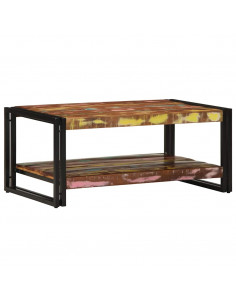 Tavolino Salotto Multicolore 90x50x38cm Legno Massello Recupero 2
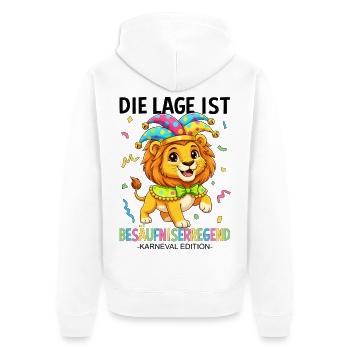 Die Lage Ist Besäufniserregend Karneval Edition - Unisex Premium Bio Zip Hoodie - Weiß - Hinten - Thijin (182cm)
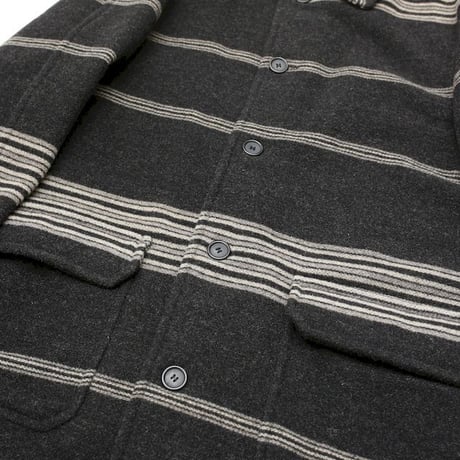 Border Pattern Wool Coat Made In Italy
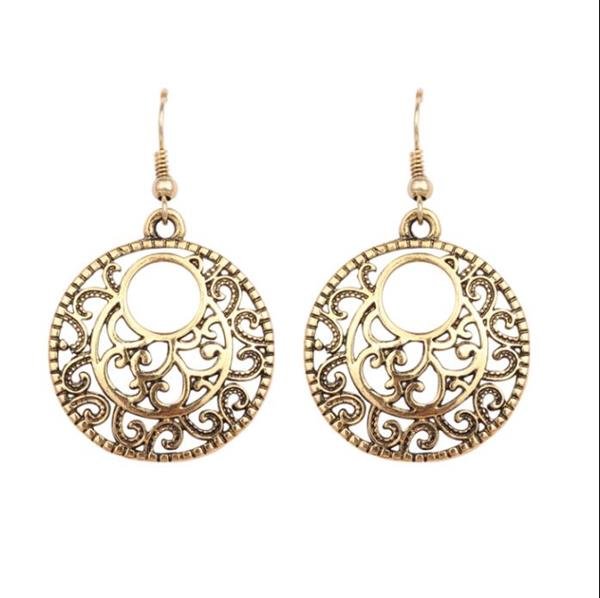 New Boho Vintage Tibetan Silver Round Ear Hook Tribal E 2 E4R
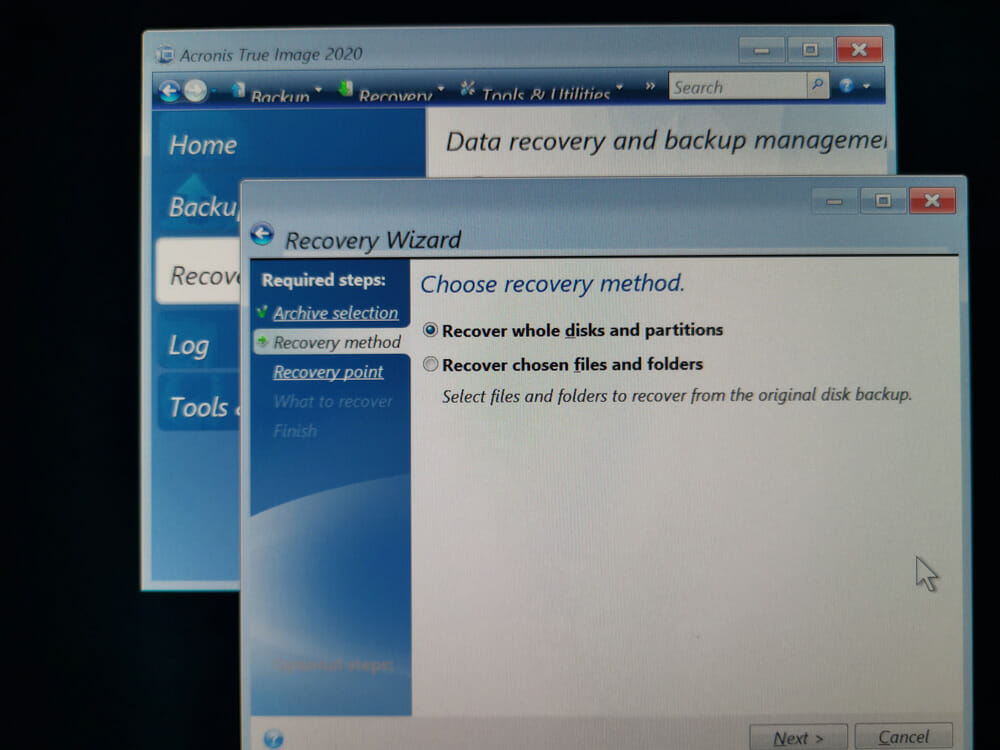 Recover whole disk or single partition.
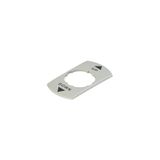 Plate with shaped hole, rectangular, 30x60 mm, grey, inscription "UP, DOWN"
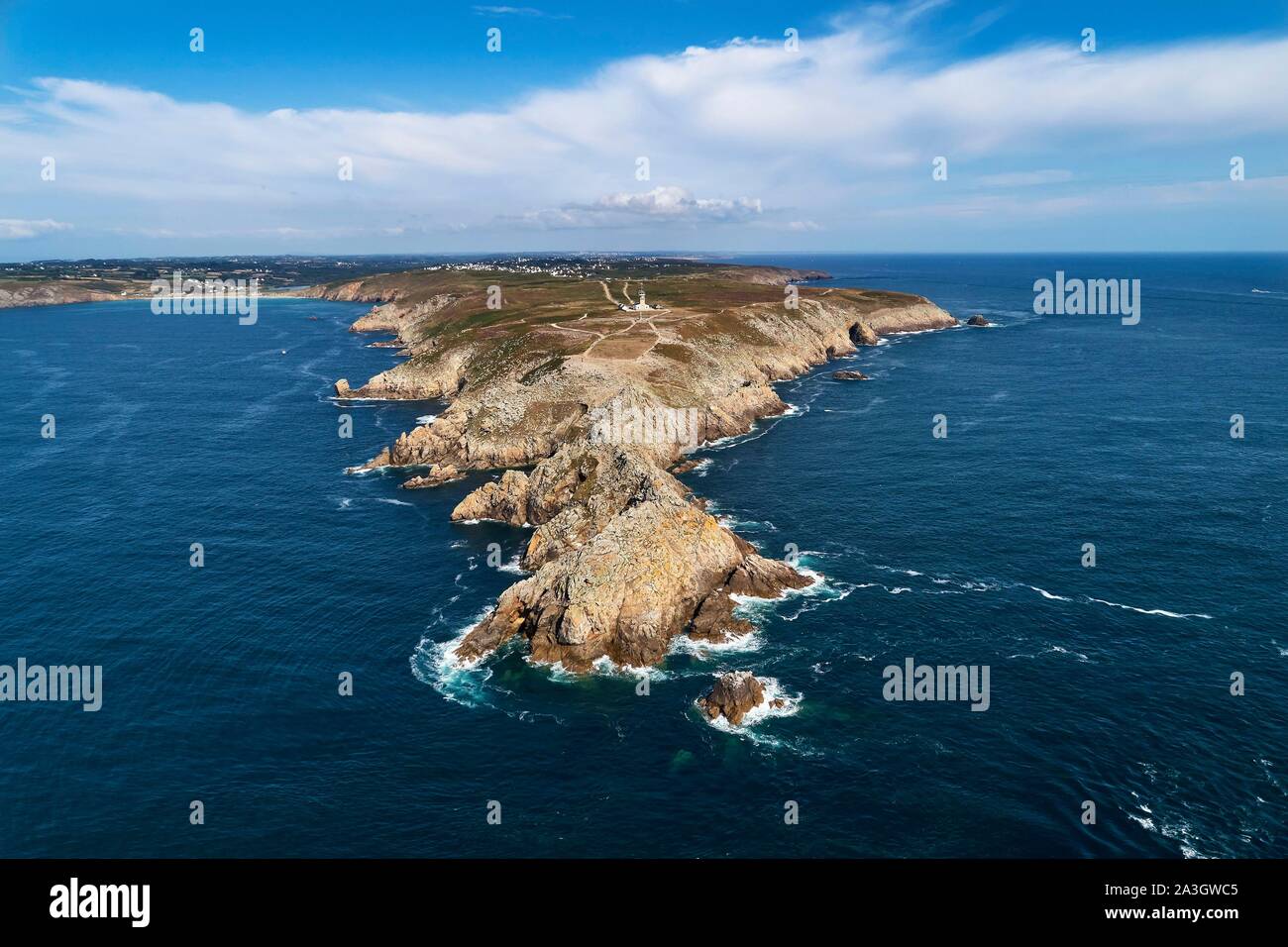 France, Finistere, Mer d'Iroise, Cap Sizun, Plogoff, the Pointe du Raz(vue a?rienne), Classified Great National Site Stock Photo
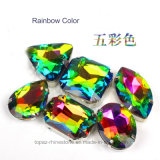 Rainbow Diamond Button Beaded Trimming Rhinestone Jewelry Sew on Crystal Beads (SW-Rainbow)
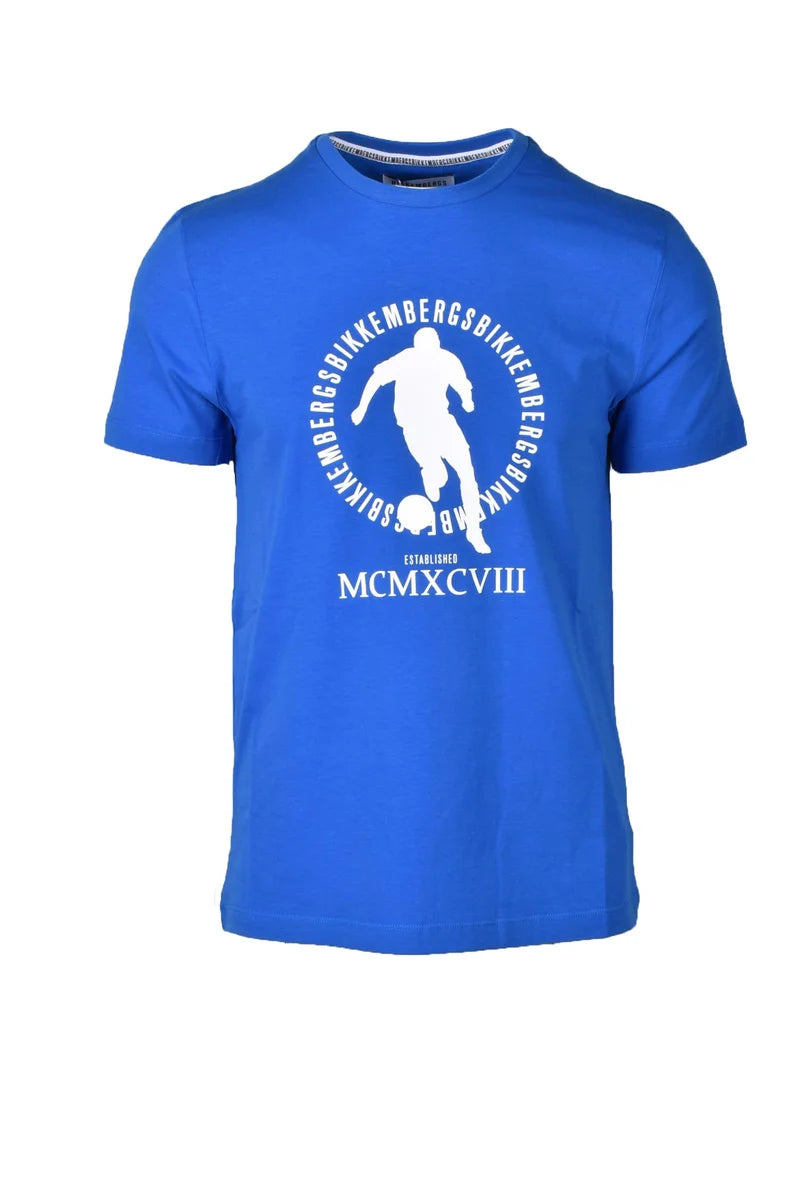 Bikkembergs T-shirt Cotone Stretch - Azzurro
------------------------------------------------------------------------
● **Required work**
Could you copy each line above exactly as written, minus any pictures?

● **Exercise output**
 Tavolino Salotto Multicolore 90x50x38cm Legno Massello Recupero 2
 Die Lage Ist Besäufniserregend Karneval Edition - Unisex Premium Bio Zip Hoodie - Weiß - Hinten - Thijin (182cm)
 Border Pattern Wool Coat Made In Italy
 New Boho Vintage Tibetan Silver Round Ear Hook Tribal E 2 E4R
 Recover whole disk or single partition.
 Plate with shaped hole, rectangular, 30x60 mm, grey, inscription "UP, DOWN"
 France, Finistere, Mer d'Iroise, Cap Sizun, Plogoff, the Pointe du Raz(vue a?rienne), Classified Great National Site Stock Photo
 Rainbow Diamond Button Beaded Trimming Rhinestone Jewelry Sew on Crystal Beads (SW-Rainbow)
 Bikkembergs T-shirt Cotone Stretch - Azzurro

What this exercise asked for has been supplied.